Via Game Politics comes news of a bill introduced in the Rhode Island Senate, and strongly backed by such "it's all for the children" censors as the Parents Television Council, which would make it a crime to sell a violent videogame (in this case one rated "M" (mature) or "AO" (adults only) by the Entertainment Software Rating Board) to a person under the age of 18.
The bill, sponsored by Senators Frank Ciccone, Paul Jabour, Beatrice Lanzi, and Michael McCaffrey (all Democrats) is utterly and blatantly unconstitutional for reasons which should be obvious. But in case they aren't, here's a quick rundown of the law:
Restraint of artistic speech (and videogames, like movies and books, are considered art and speech) is prima facie unconstitutional unless the speech is considered "obscene," that is prurient, offensive to community standards, and having absolutely no redeeming artistic value. This presumption applies, with some caveats, even to laws which make it a crime to show or disseminate offensive material to minors, which is why no state makes it a crime to admit a minor to an R-rated movie.

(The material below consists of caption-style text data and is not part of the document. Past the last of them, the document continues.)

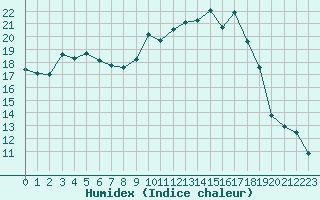 Courbe de l'humidex pour Mont-Aigoual (30)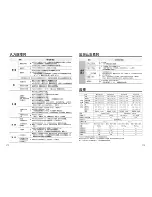 Предварительный просмотр 25 страницы Zojirushi NS-TSQ10 Operating Instructions Manual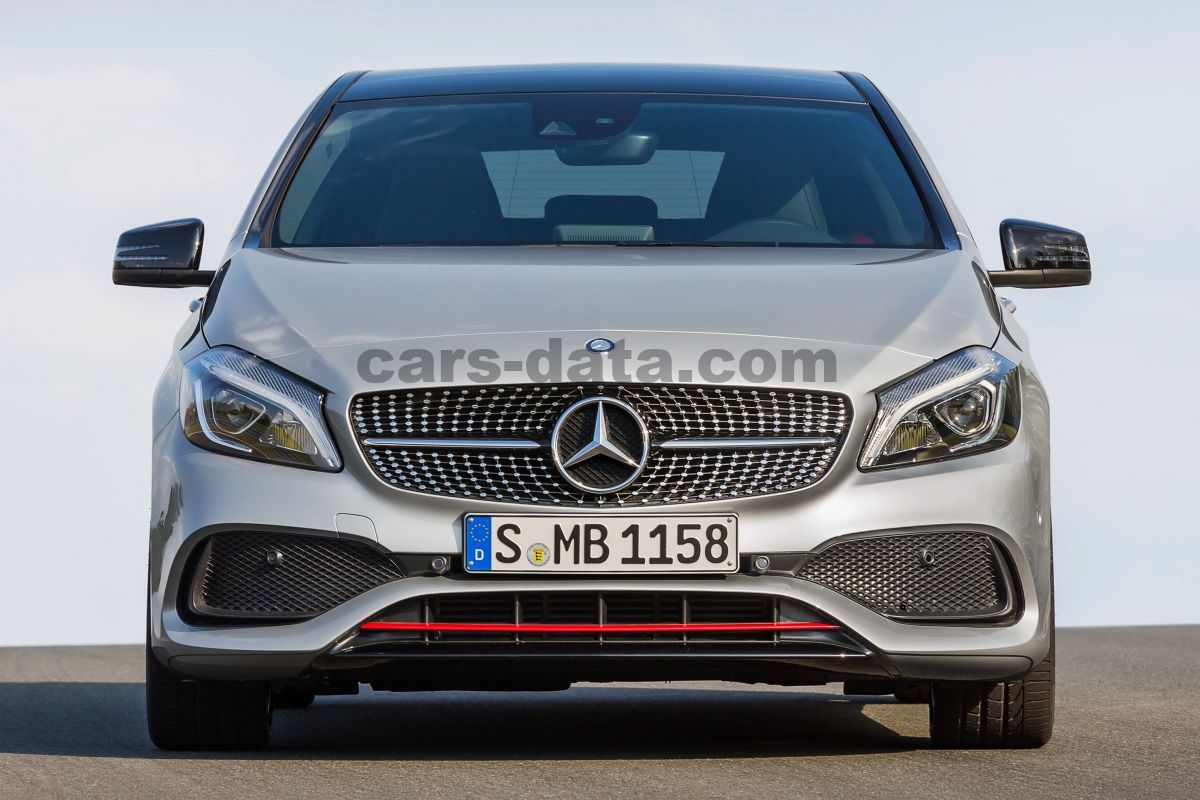 Mercedes-Benz A-class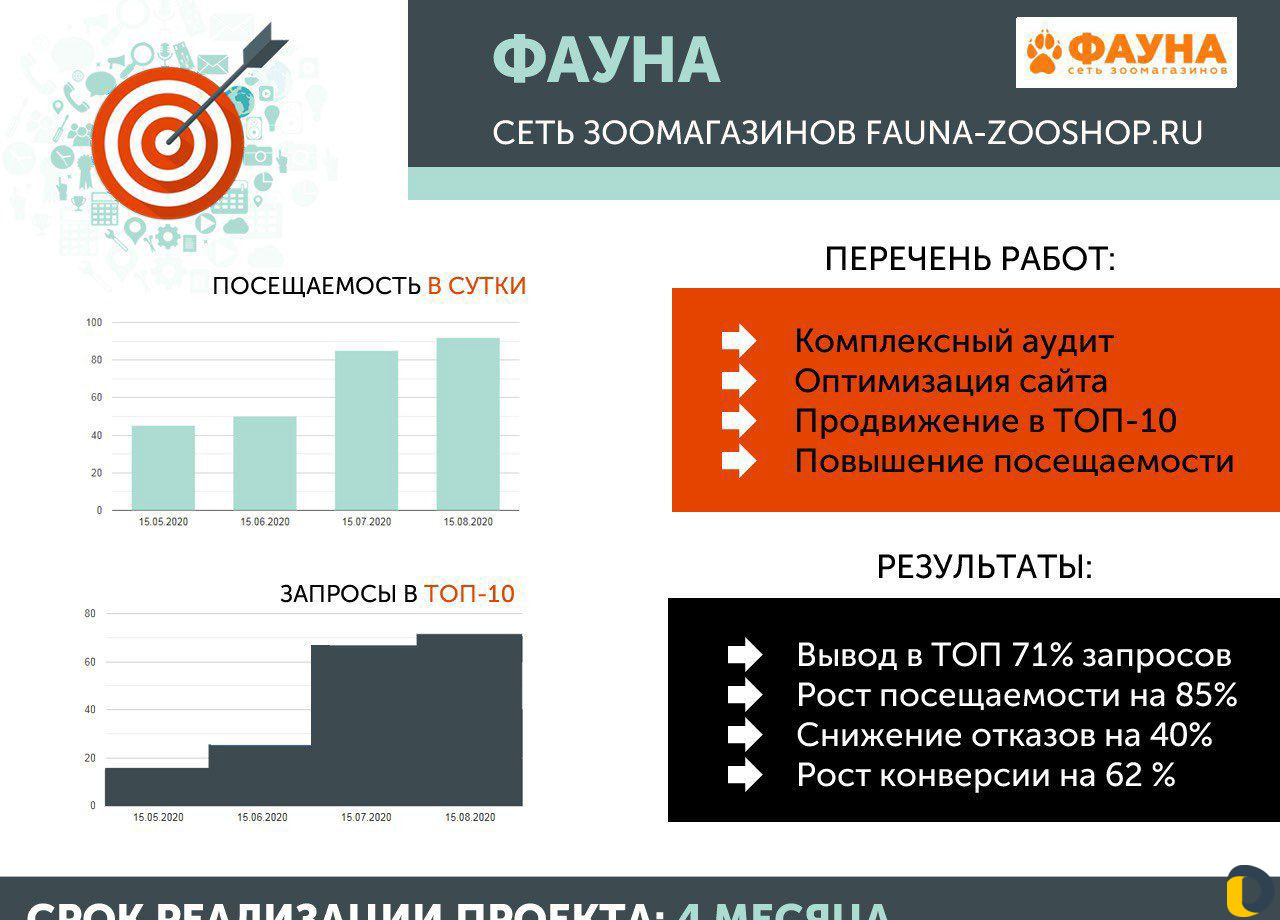SEO-специалист. Разработка и продвижение сайтов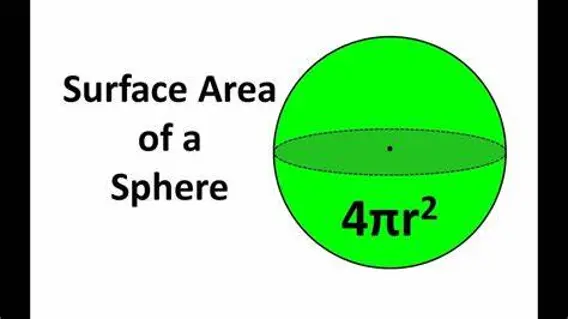 Esempio di calcolo dell'area della sfera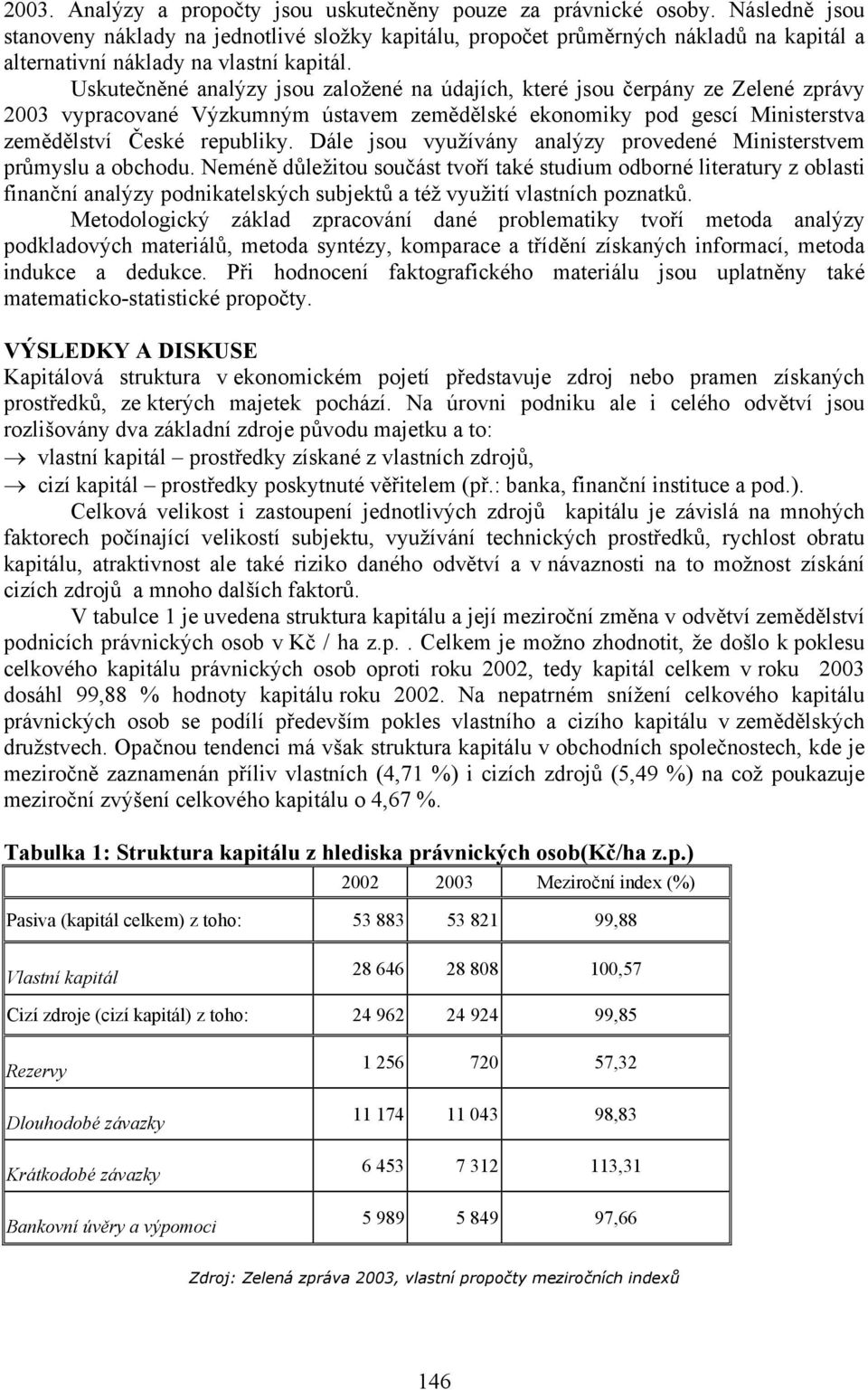 Uskutečněné analýzy jsou založené na údajích, které jsou čerpány ze Zelené zprávy 2003 vypracované Výzkumným ústavem zemědělské ekonomiky pod gescí Ministerstva zemědělství České republiky.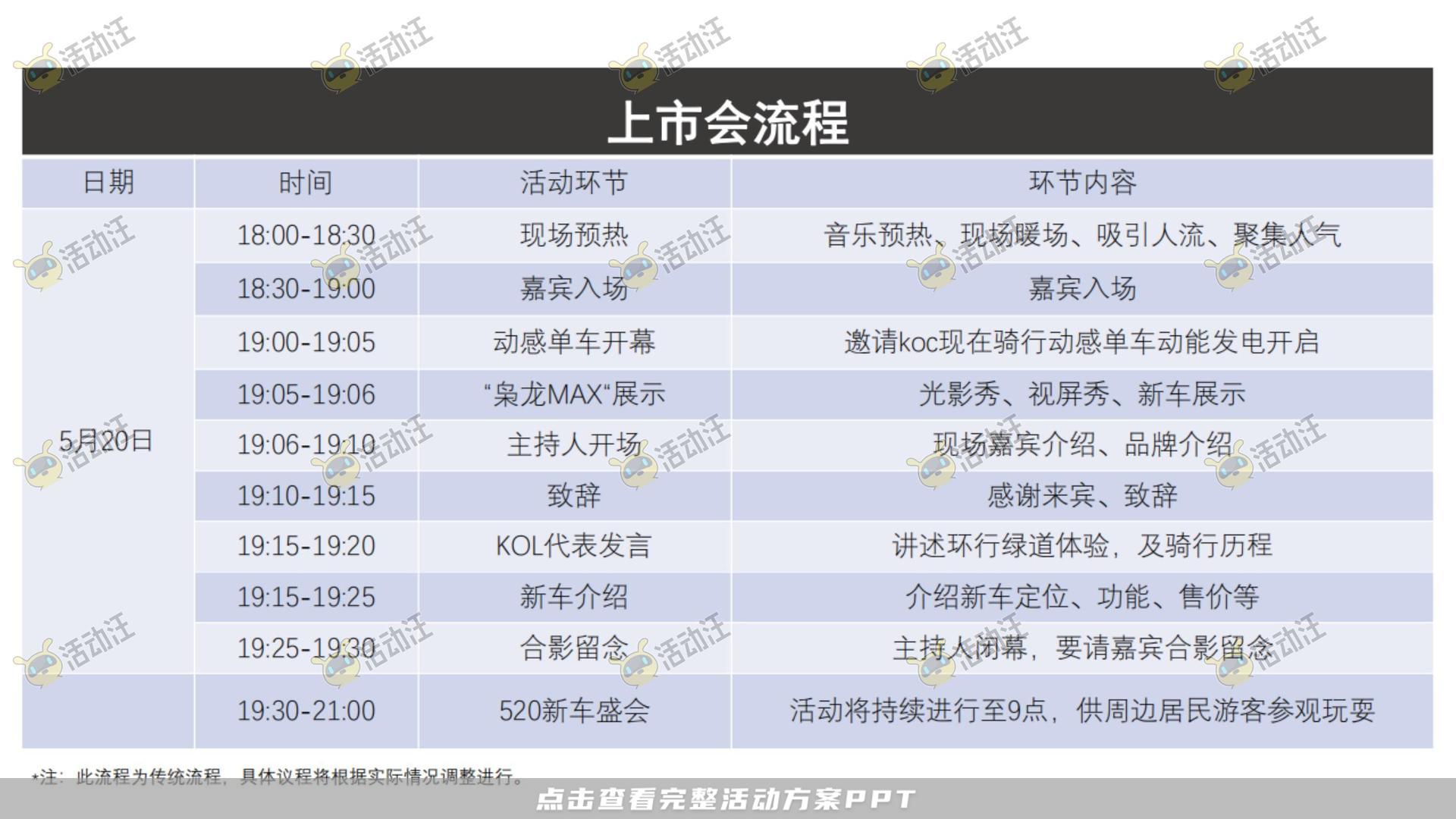品牌营销方案
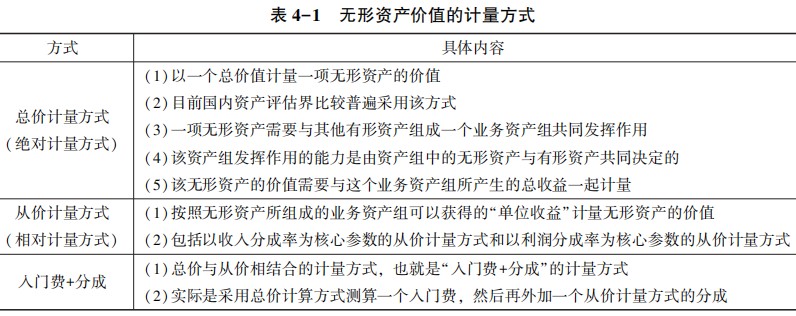 無形資產(chǎn)價(jià)值的計(jì)量方式
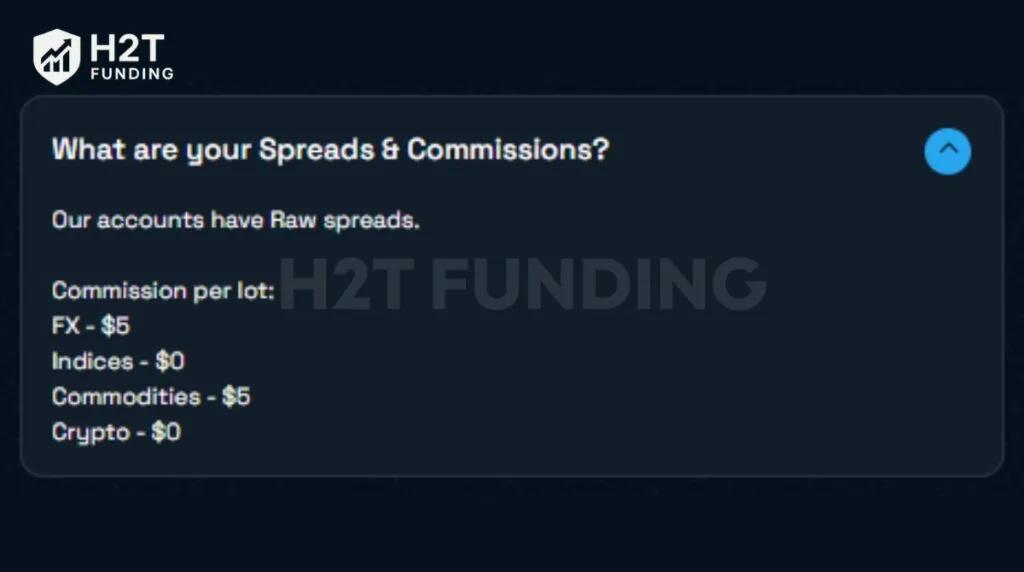 Spreads & commission fees of Blue Guardian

In fact, just this week an Indiana prosecutor who threatened to prosecute the people who run those "red box" dvd rental kiosks for offering R-rated movies to anyone who could pay backed down from his threats, evidently concluding that he would be made a national laughingstock if he went further.
Yet this bill would do just that. It would make the State of Rhode Island a national laughingstock, more so than it already is. Another rason the bill is problematic, that is to say unconstitutional, is that it makes the ESRB, a voluntary trade association with no governing power whatsoever, the sole arbiter of what is and is not a crime in Rhode Island. Just because some prude at ESRB considers Headshot II: the Columbine Simulator offensive, doesn't make it obscene. Rhode Island would not only be violating the First Amendment; It would be unconstitutionally delegating sovereign power to a private corporation.
Just how misguided is this bill, constitutionally speaking? It's so unconstitutional that even Jack Thompson, the disbarred crank Florida lawyer famous for his anti-videogame crusades (and sending gay porn to federal judges, agrees with me:
On December 11, 2005, about a similar federal bill which never passed Congress, Thompson wrote:
Sen. Hillary Rodham Clinton recently introduced her "Family Entertainment Protection Act" in a purported attempt to ban the sale of M-rated games to minors. Will it work? Not a chance.
Clinton's FEPA, as proposed, is completely unconstitutional.
U.S. law is clear: A private-sector standard for rating entertainment products cannot be enforced by the government. This has been settled constitutional law for decades.
Yet this is precisely what Clinton's bill would do. It seeks to convert the industry's Entertainment Software Rating Board (ESRB) game ratings into the law of the land. Such an approach has been unconstitutional since local communities in the early 1900s created private-sector "obscenity councils" in an attempt to dictate to state juries which books were "obscene."
It wasn't constitutional then, and it isn't constitutional now.
The mistake that various states have made in formulating a governmental standard for games has been to vaguely define how much and what kind of sex and violence can be in interactive media sold to minors. Such an approach utterly fails on constitutional "vagueness" grounds. I've been in those legislative fights that wind up in the courts. I've been paying attention.
[Source: Fort Worth Star Telegram, December 11, 2005, "What Kind of Game is Hillary Clinton Playing?", not available for free online, archive purchased by me and excerpted as fair use for its value as political commentary from a respected scholar of the First Amendment.]
Rhode Island's Senate has achieved what we thought could never be done: They've made Jack Thompson look like a thoughtful and judicious defender of free speech.